The sprawling bar/restaurant opposite Leadenhall market is vaguely 1920s-themed but it appropriates any kind of kitsch American iconography it can get its hands on: Wild West, The Great Gatsby, the American civil war, Hollywood, etcetera, etcetera.
It’s not the kind of place I tend to review – it’s more bar-with-food than restaurant-with-bar and I’d already turned down an invitation to the launch of its mechanical bull, a taxidermied bovine Frankenstein shipped over from Idaho. But it’s close to our office and it was pouring with rain.
You enter into what was once the trading floor of the Bank of New York and if you go at the weekend I’m told go-go dancers gyrate above the bar while Tarquin and Lottie get down and dirty on the dance floor. On a wet Wednesday in February there were no dancers and Tarquin and Lottie had been replaced by what looked like a bunch of middle-aged middle managers from Boots.
Opposite the bar is a line of banquettes made to look like railway cars, with screens playing videos of rolling American landscapes (Mahiki does something similar, only with swaying palm trees). This is fine if you’re sitting on the banquettes, but I could see them flickering in the corner of my vision, inducing a kind of motion sickness.
I’d heard the cocktails were good, but to order one you have to negotiate a complicated, two-part sliding menu. I gave up and left it to the waitress. We ended up with something served in an ice bucket that tasted like the squash I used to get at Sunday school, and something else that came in a plastic tub with popcorn floating in it, which reminded me of those cans of piña colada you get in Marks & Spencer (note: soggy popcorn, apart from sounding like a game you might have played in your public school days, doesn’t taste very nice).
On to the food: first up was barbecue ribs, which would have been nice had they not been smothered in a tangy, viscous sauce – the kind of thing the IRA might employ just before they chucked a bag of feathers over you. They lingered on the taste buds long after they’d left the table. In contrast, the crab-cakes tasted of nothing, only fishier, like brine-soaked cotton-wool.
The rib eye steak, though, was a fine hunk of cow, pink and fatty and delicious. The Canadian lobster with spring onion and ginger butter was decent, too. Neither are things you can really mess up if you have half a clue about what you’re doing, but credit where it’s due.

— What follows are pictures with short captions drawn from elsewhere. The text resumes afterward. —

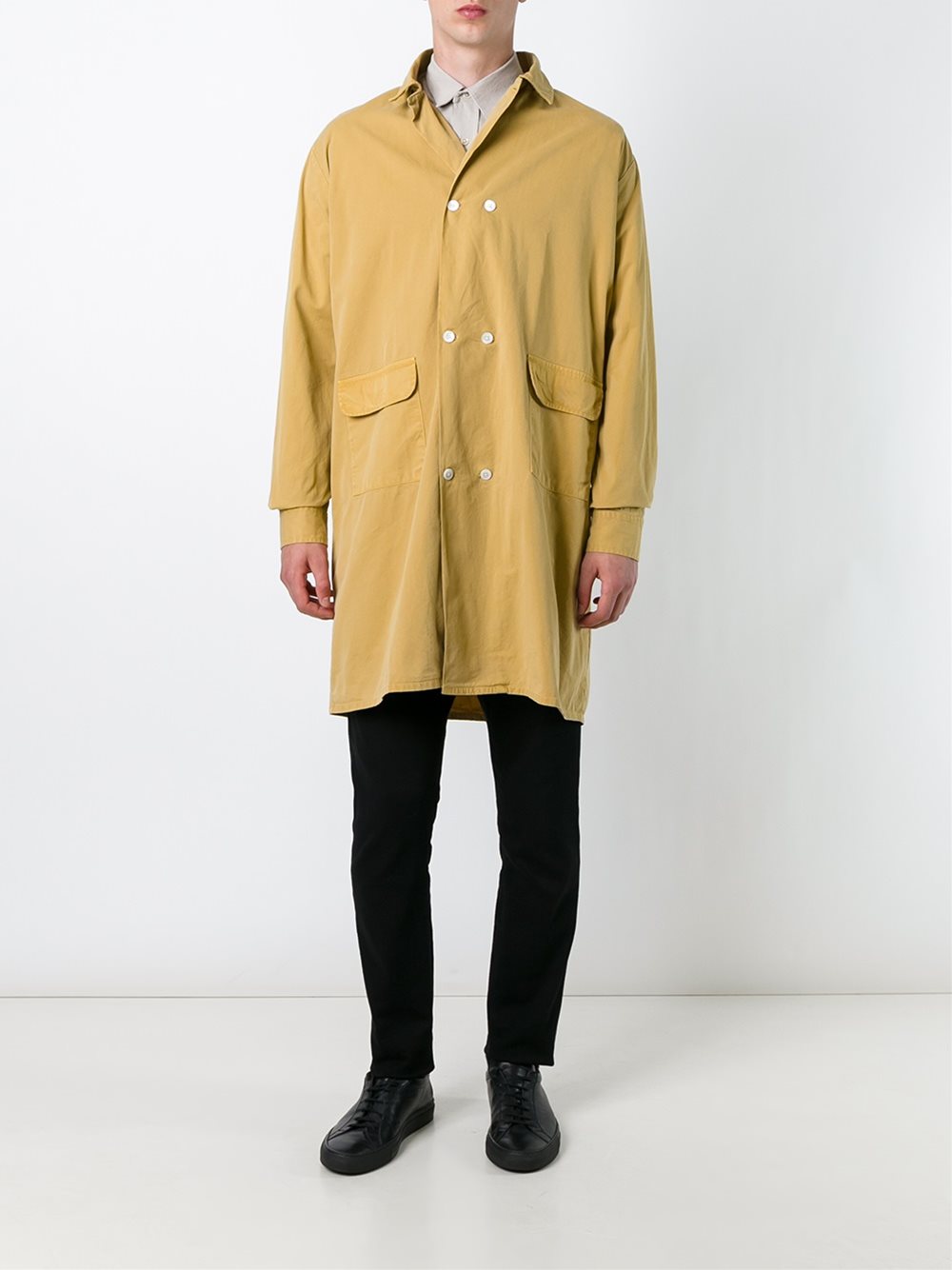 'Artist' shirt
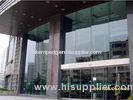 High Transmittance 8mm Low E Coating Glass Wall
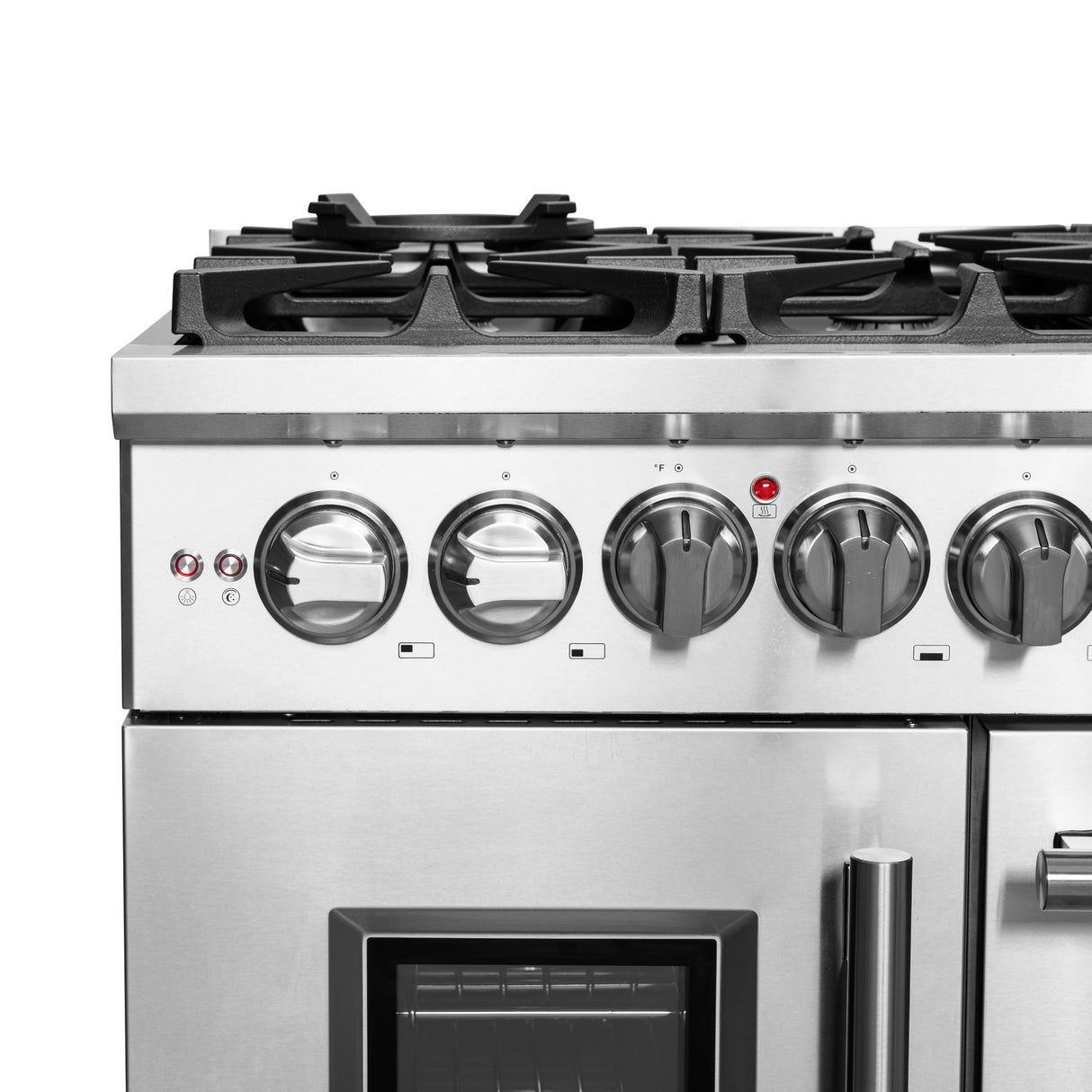FFSGS6325-48-forno-massimo-french-door-dual-fuel-range-knobs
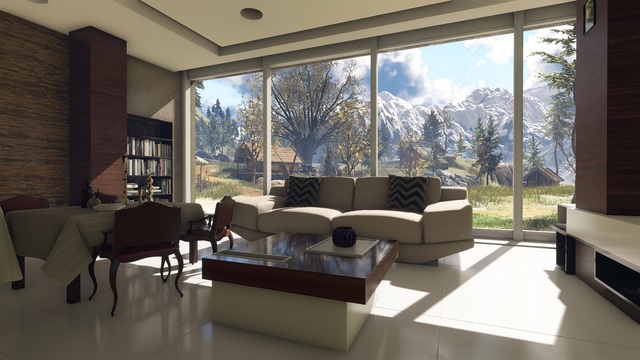 펄어비스, 차세대 엔진으로 구현한 스크린샷 2종 공개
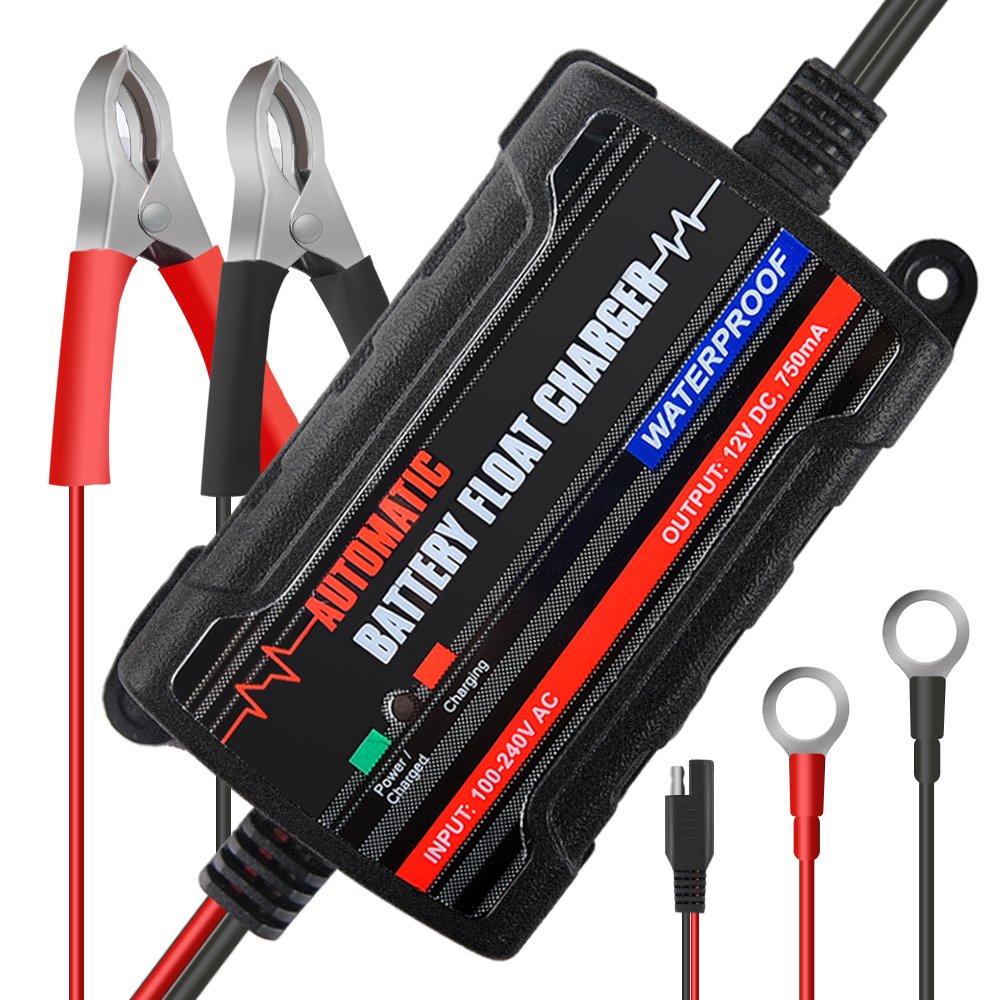 Best what size battery does a riding lawn mower use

We finished off with a brownie, which was fine.
Would I go back? No. One colleague nailed it when he described Steam & Rye as “TGI Friday for *****”. But after the plates had been cleared, I ordered some champagne, then some tequila, and then some more tequila. And when I was good and drunk, it didn’t seem half as bad. The staff were lovely and even the naff music started to seem alright. Sure, it’s a temple to bad taste, untouched by the frosty fingers of urbanity or decorum. But once you hit that sweet-spot of intoxication, it doesn’t really matter. Everything’s fine. Are you sure the mechanical bull isn’t working? Send another of those ice bucket things my way.
By kicking out time, even the middle managers had pulled.